• Work instructions
For each entry, return the text exactly and omit any image.
[[ Data in this exercise, beginning ]]
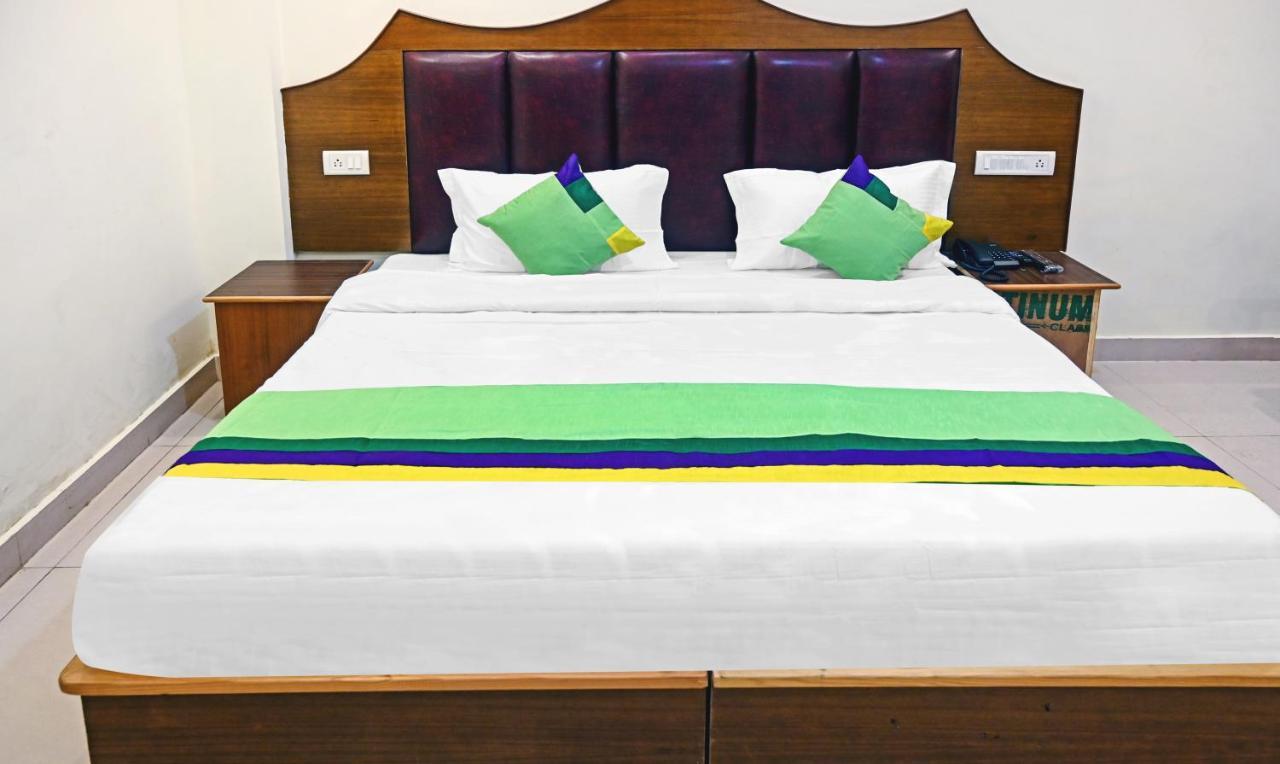 Treebo Dev With Valley View, Mall Road Manali  Luaran gambar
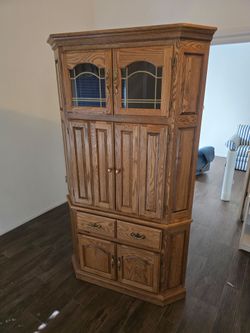 Cabinet/ hutch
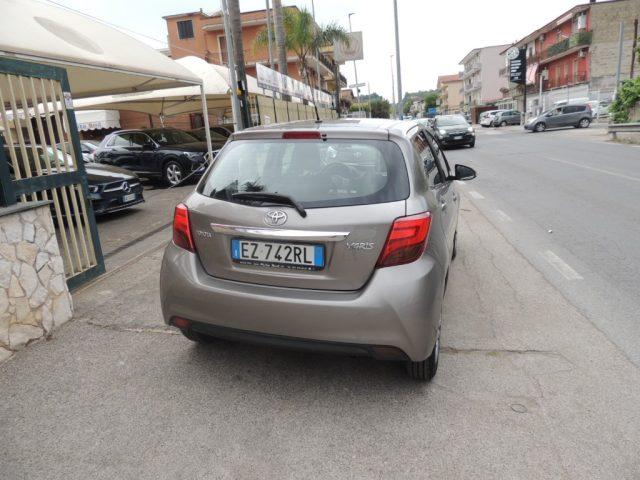 TOYOTA Yaris 1.3 5 porte Active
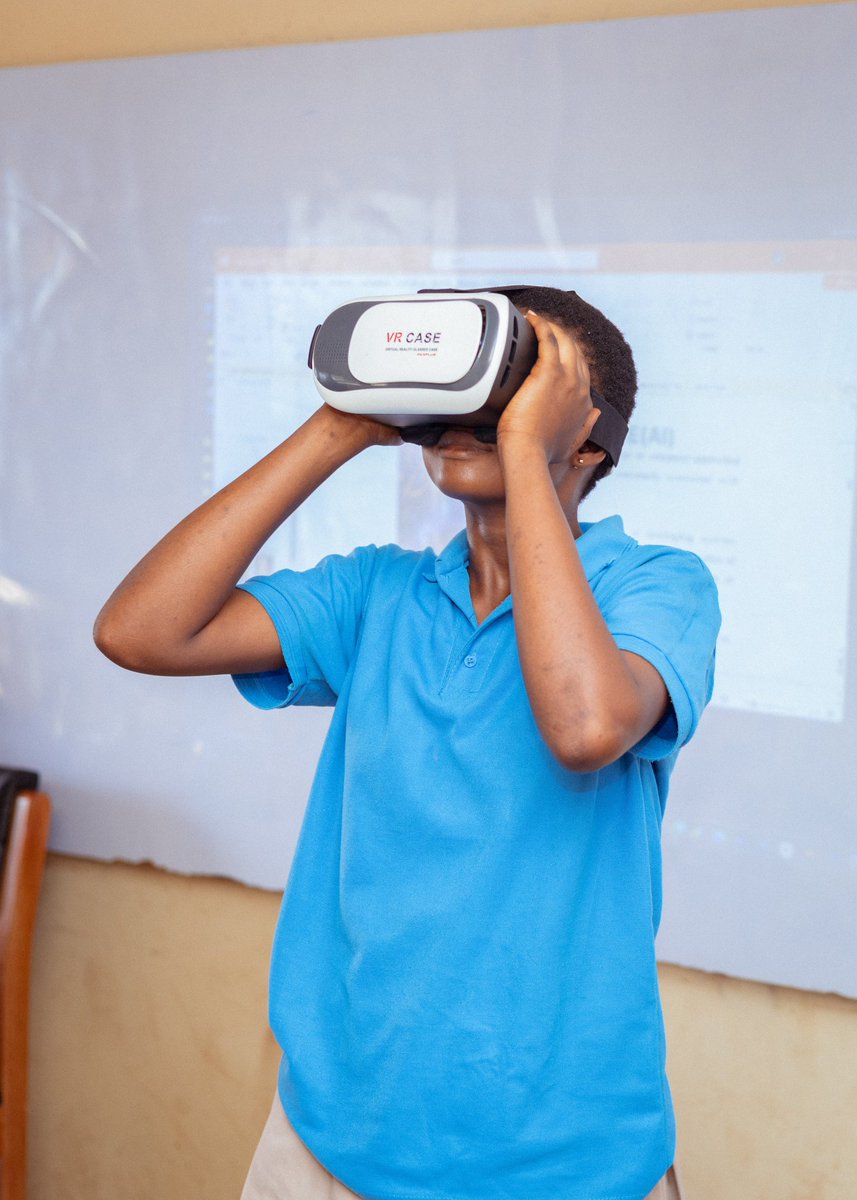 Continuing our celebration of impact, here’s a glimpse into the incredible moments from our Future STEM LEADERS INITIATIVE Program with underprivileged adolescent girls in the Gbawe Gonse Community.  

#CTNTech #Womeninengineering #STEM  #Unicef #Robotics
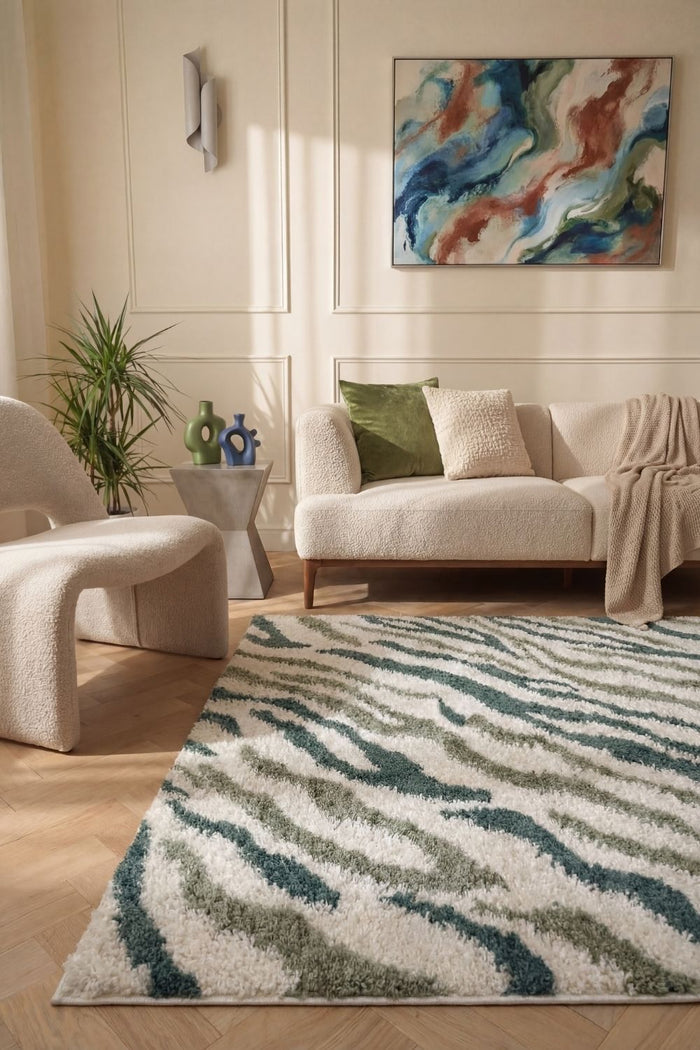 Moodi Shaggy Green Rug, abstract design, 30 mm plush pile | THE RUGS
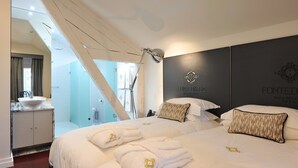 A modern hotel room with a large bed, a bathroom with a glass shower, and a view of the outside. - Fonte da Foz Bed & Breakfast Terrace (Figueira da Foz)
[[ Data in this exercise, end ]]
• Answer area
 Treebo Dev With Valley View, Mall Road Manali  Luaran gambar
 Cabinet/ hutch
 TOYOTA Yaris 1.3 5 porte Active
 Continuing our celebration of impact, here’s a glimpse into the incredible moments from our Future STEM LEADERS INITIATIVE Program with underprivileged adolescent girls in the Gbawe Gonse Community.  

#CTNTech #Womeninengineering #STEM  #Unicef #Robotics
 Moodi Shaggy Green Rug, abstract design, 30 mm plush pile | THE RUGS
 A modern hotel room with a large bed, a bathroom with a glass shower, and a view of the outside. - Fonte da Foz Bed & Breakfast Terrace (Figueira da Foz)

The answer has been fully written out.